Your journey to digital?
I’ve been a digital fanatic since I was a child quite honestly. I started playing with my first computer at age 9 that initially sparked my interest in this new kind of technology. I would create programmes on floppy disks, wait for the next “Hacker Magazine” to be delivered to my home so I could play around with new scripts and other cool stuff.
So much so that my dad could no longer find icons on his desktop! I created my first website at age 12 when I was in school. It was all about video games and Lara Croft as you can imagine, so I guess I would say that I’ve always been interested in the digital world and wanted to make an impact in this sphere.
Around 8 years later, as a determined young adult, I ventured into London for my internship. I got really lucky there because I found literally the only guy there who was crazy enough to hire a French guy with poor English back then, in the UK.
He was really great, he taught me a lot of new things and introduced a rage of new concepts to me that helped me get into Hetic for my undergraduate degree. Back then, Hetic was a new school based in Paris that had a unique course surrounding Web and Digital as well as Project Management.

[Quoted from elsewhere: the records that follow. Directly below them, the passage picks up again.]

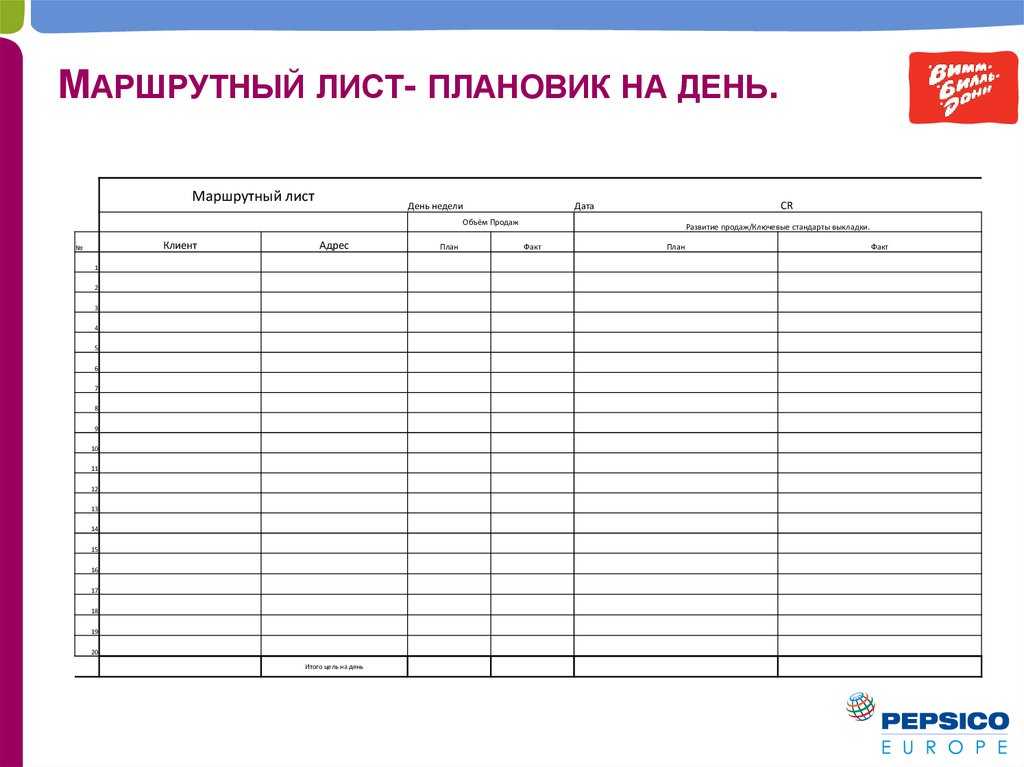 Дорожные карты маршрутные листы схемы документооборота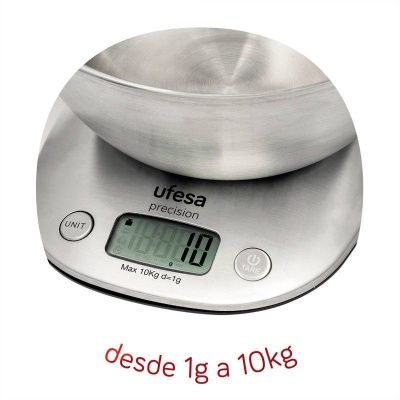 Весы кухонные UFESA BC1700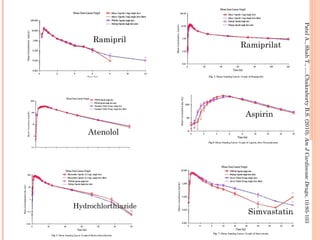 Polypill for primary and secondary preventions of cardiovascular | PPT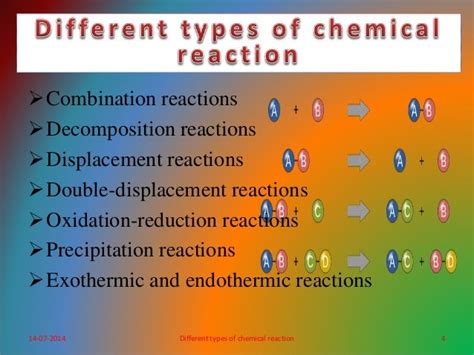 77 5 BRANCHES OF CHEMISTRY WITH EXAMPLES, CHEMISTRY BRANCHES WITH EXAMPLES OF 5 - Chemistry Examples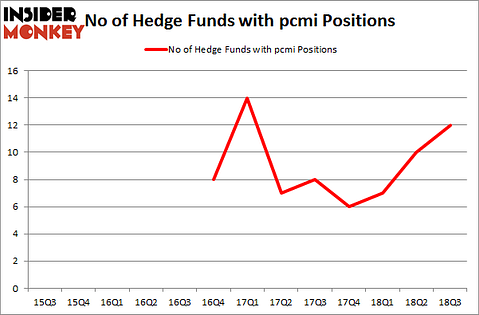 No of Hedge Funds with PCMI Positions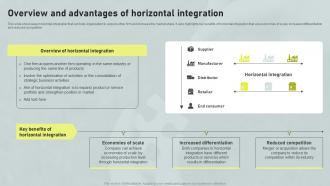 Overview And Advantages Of Horizontal Integration Horizontal And Vertical Integration Strategy SS V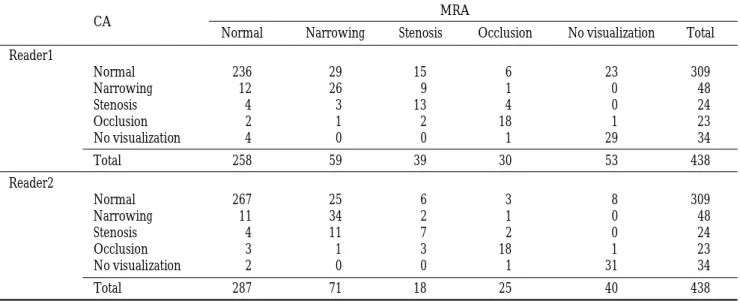 Table 5.Comparison of Detectability for Stenoocclusive Lesions in All Vascular Segment in MRA Reader B N o r m a l N a r r o w i n g S t e n o s i s O c c l u s i o n No visualization T o t a l Reader A N o r m a l 2 3 8 1 5 02 01 03 2 5 9 N a r r o w i n 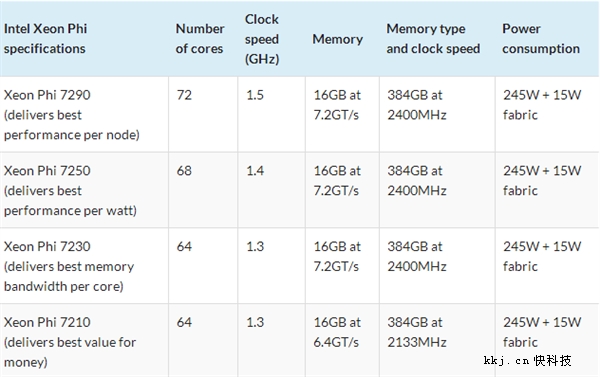 目前，ISC 2016（超算大会）正在德国法兰克福举行，Intel也宣布，新一代Xeon Phi 7200系列将在9月上市，起售价6294美元（约合4万元）。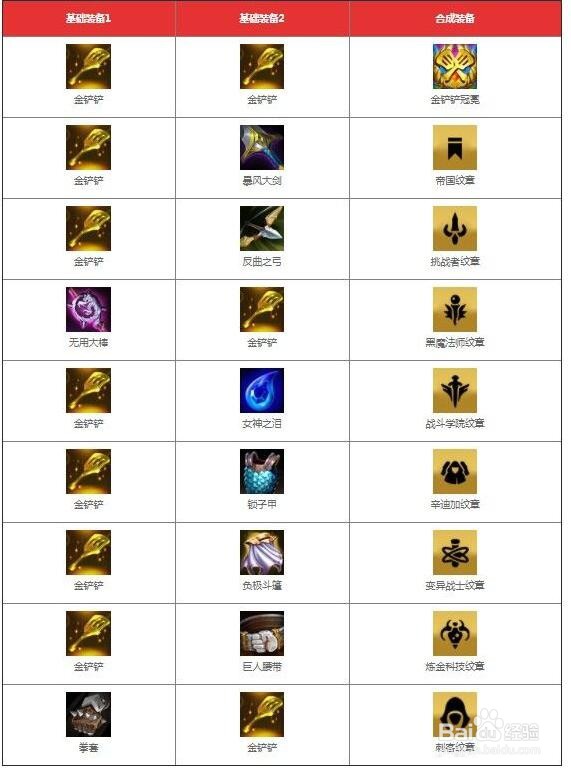 LOL云顶之弈S6各羁绊介绍以及英雄成员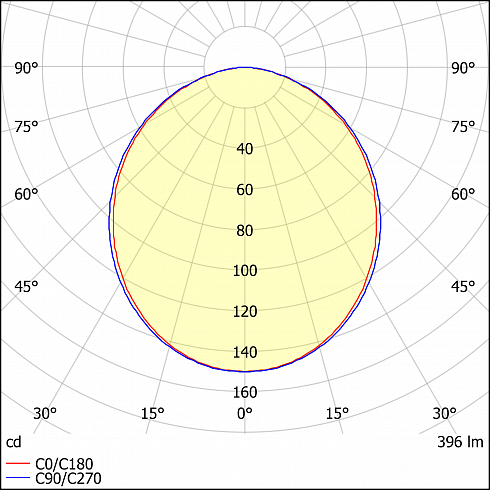 ДВО18-10 Profil B6H3L50 W 840
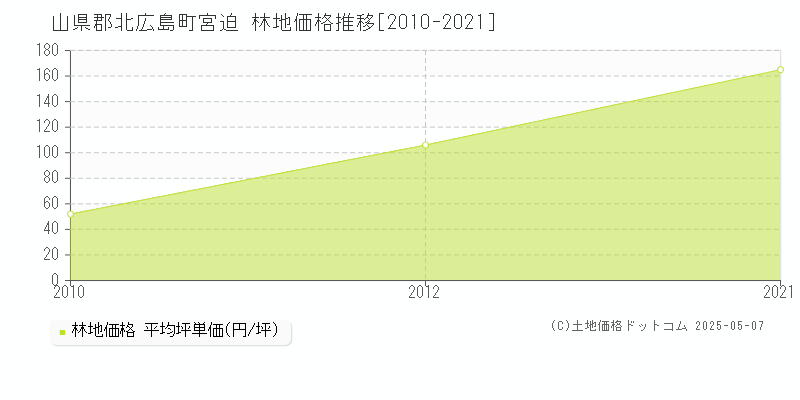 山県郡北広島町宮迫の林地価格推移グラフ 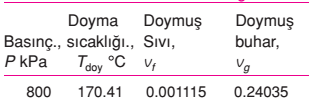 800 kpa basınçta doygunluk sıcaklığı (170.41 o C) çalışma sıcaklığının (350 o C) altında olduğundan kızgın buhar olarak sistem değerlendirilmelidir.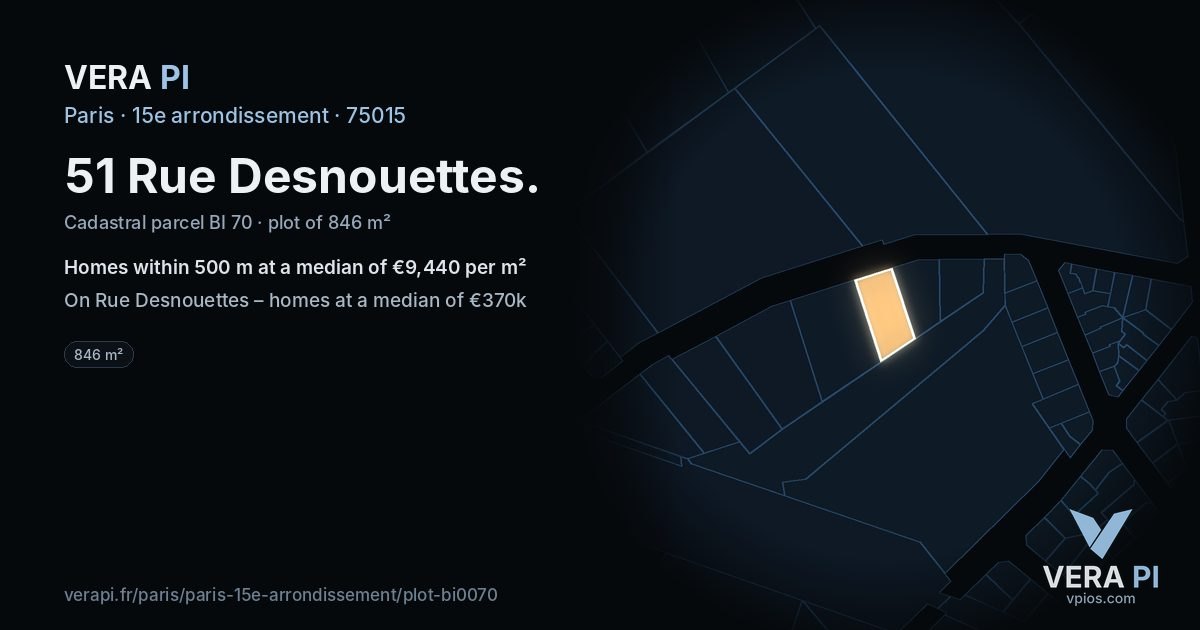 51 Rue Desnouettes, 15e arrondissement at night – the plot lit, the parcels around coloured by the prices near them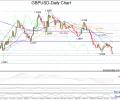 GBPUSD revives downtrend; bearish in short and medium-term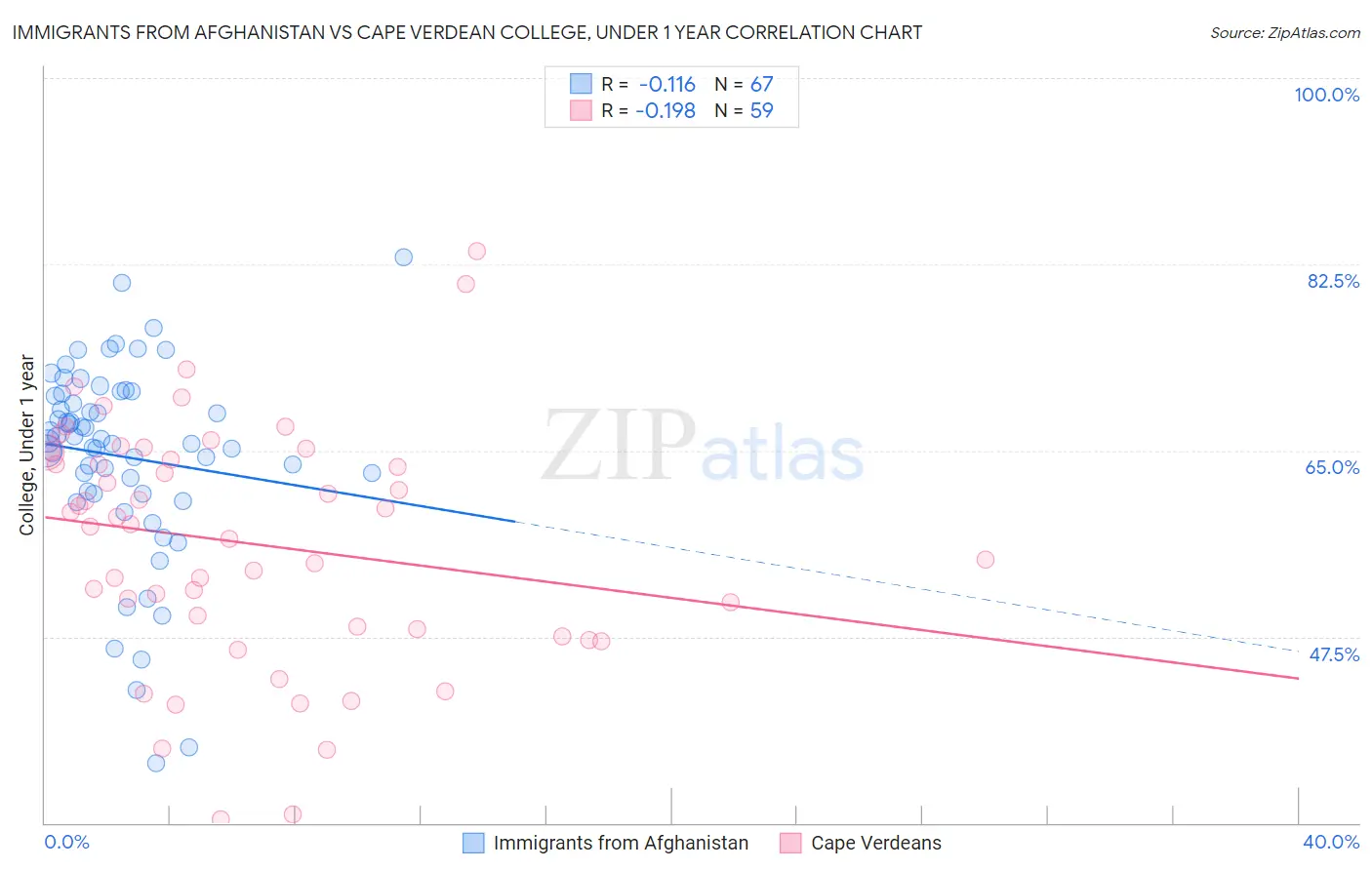 Immigrants from Afghanistan vs Cape Verdean College, Under 1 year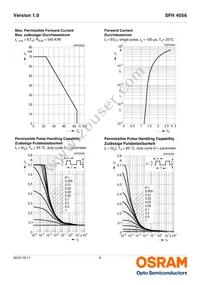 SFH 4056-NQ Datasheet Page 6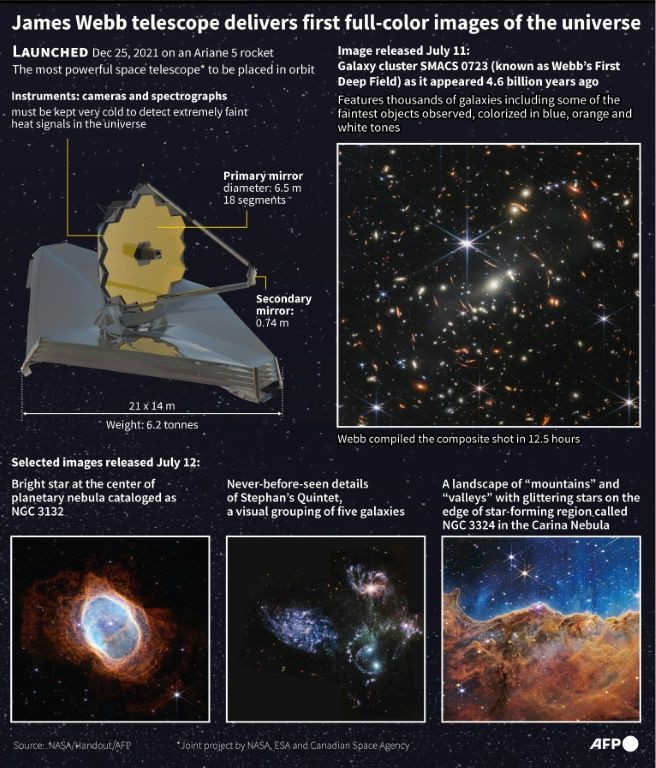 Graphic on the James Webb space telescope. which began releasing a new wave of cosmic images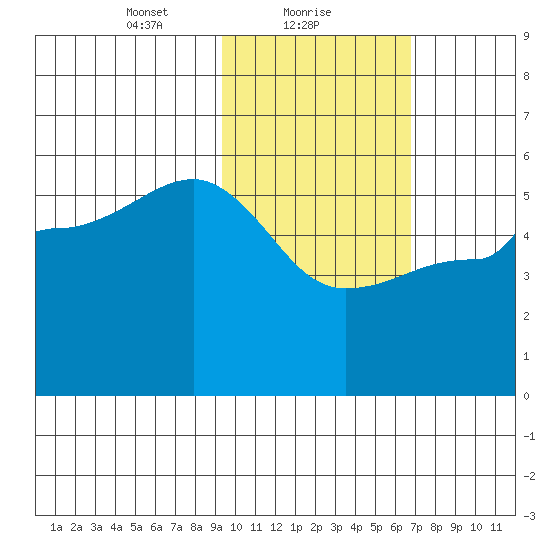 Peterson Bay tide chart for Wednesday, February 9, 2022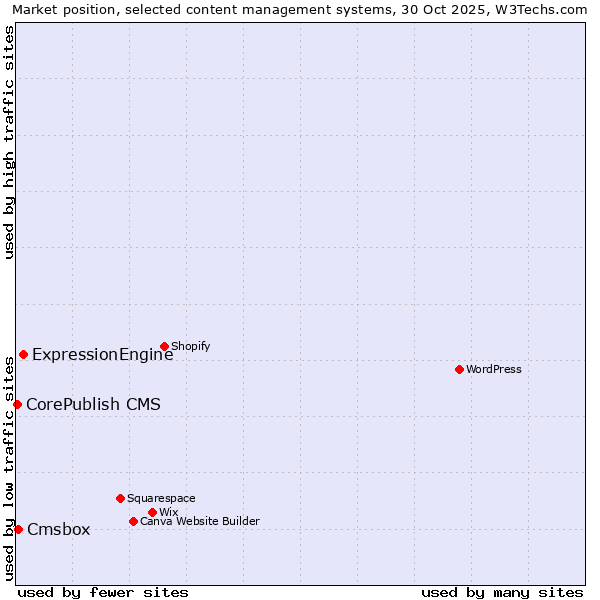 Market position of ExpressionEngine vs. Cmsbox vs. CorePublish CMS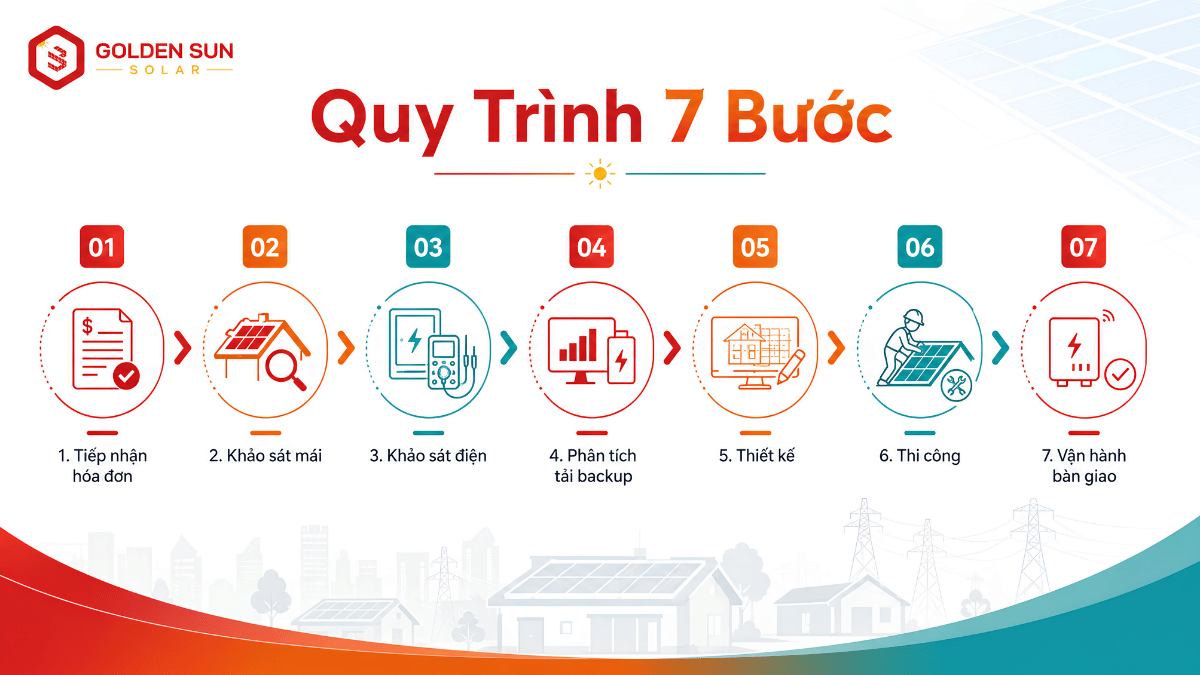Quy trình khảo sát thiết kế và lắp đặt điện mặt trời Hybrid gia đình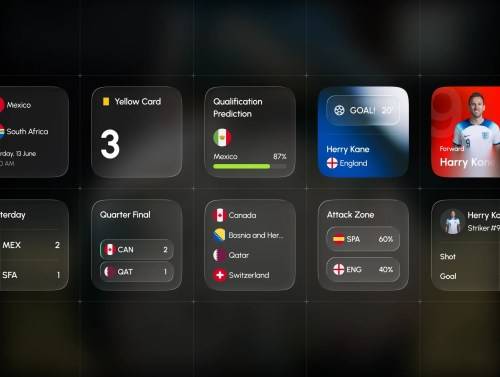 'World Cup Glass Dashboard Cards UI Kit' 'World Cup Glass Dashboard Cards UI Kit'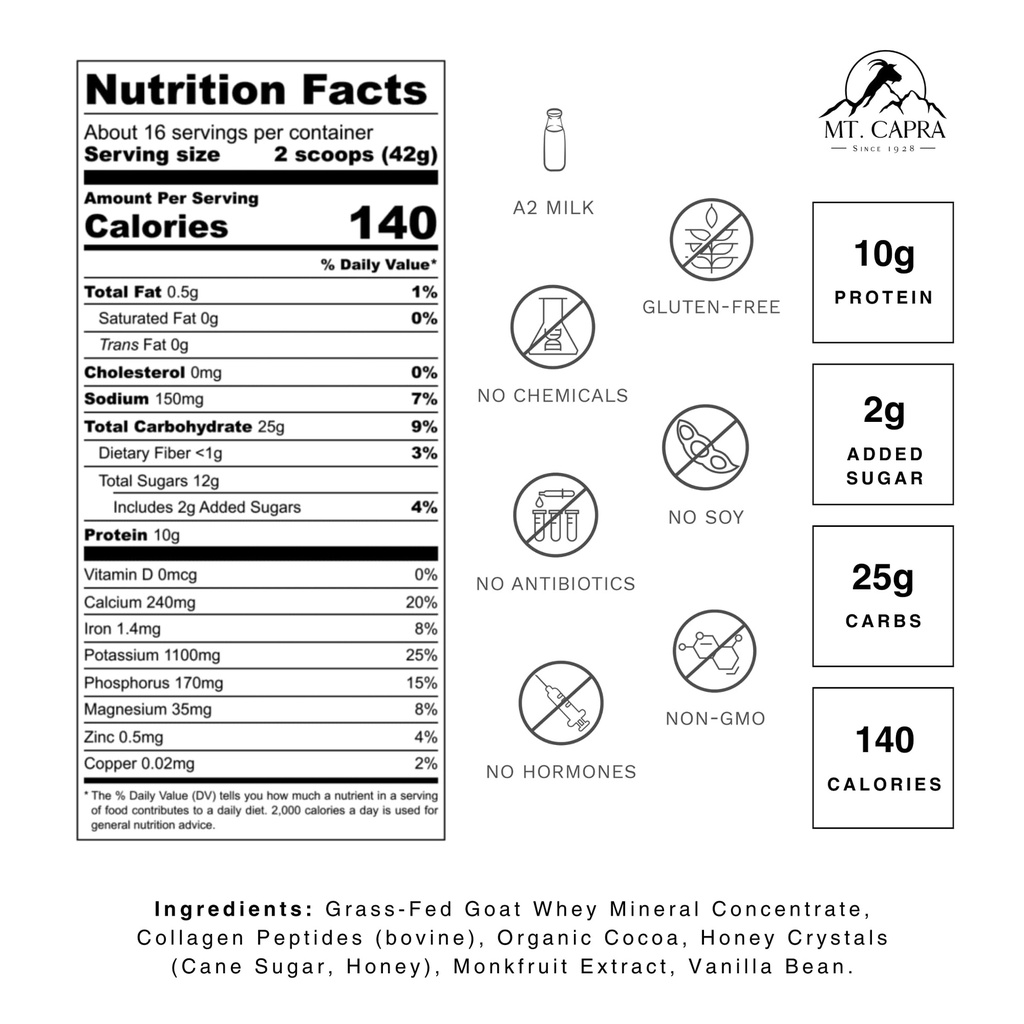 mt-capra-clean-minerals-with-collagen-pe-2.jpg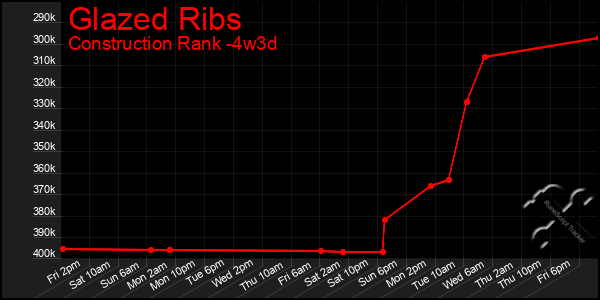 Last 31 Days Graph of Glazed Ribs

Hetic was just the best school there was to learn about web development, design, project management, and of course, SEO and web analytics.
With this knowledge, I started off as a Junior Web Developer but gradually wanted to manage projects.
The coding experience I got here would help me with the creation of Myposeo in the future as it taught me the intricacies of web development which let me staff the development of the platform to the right people with the correct qualifications which made it possible for a proper timeline to be made to understand when the platform could expected to be finished.
My other roles before creating Myposeo, were more people-oriented and focused largely on me interacting and coordinating with other departments and people and managing multiple teams.
As a people-person, I enjoyed this a lot and realised that to be happy in my career I needed to find a way to balance out the two things that made me happy – people and technology.
I’ve always been entrepreneurial and soon realised that there is never a right time to be ready to start your own business. I now had all the experience I needed, so I decided to take the plunge and create Myposeo during my studies and with a couple of students.
My interest in IT and all things digital coupled with my passion for SEO definitely paved the way leading to where I am today.
What made you build Myposeo ?
Back in 2009, I was in charge of a small client’s website for whom I had to work on an SEO strategy. To achieve this, I created a process and the first thing I tried to do was to find tools to automate certain tasks. What I noticed was that most of these SEO tools were softwares, with poor UX, old school design and were not usable on my Macbook. It was a real shame from a user’s perspective.
Honestly, I hadn’t even looked at what other countries were doing but I knew that Moz and SEMrush existed. What I knew for sure was that the French market was a real disaster, but in every gap there’s an opportunity.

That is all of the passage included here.